Importance of Teaching Good Eating Habits Early
Many early childhood educators have the ability to influence young children and show them how to make good food choices. Resources available through government programs provide options for teaching age-appropriate lessons about the Food Pyramid and show activities for a wide range of ages to learn more about food. Government-funded preschools, such as Head Start, incorporate these nutrition lessons into the curriculum to encourage healthy eating.
Increasing Fruit and Vegetable Intake
For 25 years, the nutritional data has been primarily the same. As many as 40 percent of kids have eaten no vegetables on the day they were surveyed, and only one in five kids gets the five servings of fruits and vegetables recommended each day. For many of these children, french fries are the only vegetable they get on a regular basis.
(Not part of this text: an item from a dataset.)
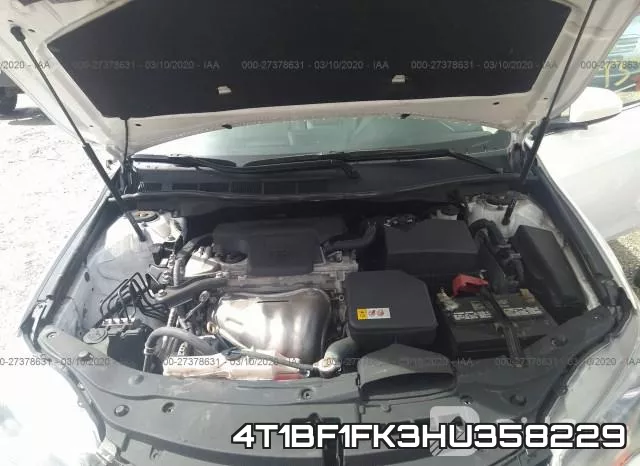 4T1BF1FK3HU358229 фото 2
Preschool programs that introduce fruits and vegetables can help children get familiar with produce that may not be served at home and can provide a different environment for kids to interact with new foods. These foods can be provided through government programs or they can be a part of the snacks and lunches that a private preschool provides.
Overcoming Food Advertising
Preschool-age kids are starting to pick up on messages in advertising. They see the fast food toys in the television commercials and the sugary breakfast cereals promoted by a cartoon character. Counteracting these messages with education about the taste of healthy food can be beneficial when done early, before an excess of commercials teach the wrong lessons about eating. Learning about advertising messages and how to be a smart consumer can start at a young age and continue into elementary school.
When these nutrition lessons are incorporated into preschool learning, they can help young children increase healthy food choices and reduce obesity. Combined with information about staying active and using their bodies, nutrition help can start preschoolers on the path to eating better and staying fit.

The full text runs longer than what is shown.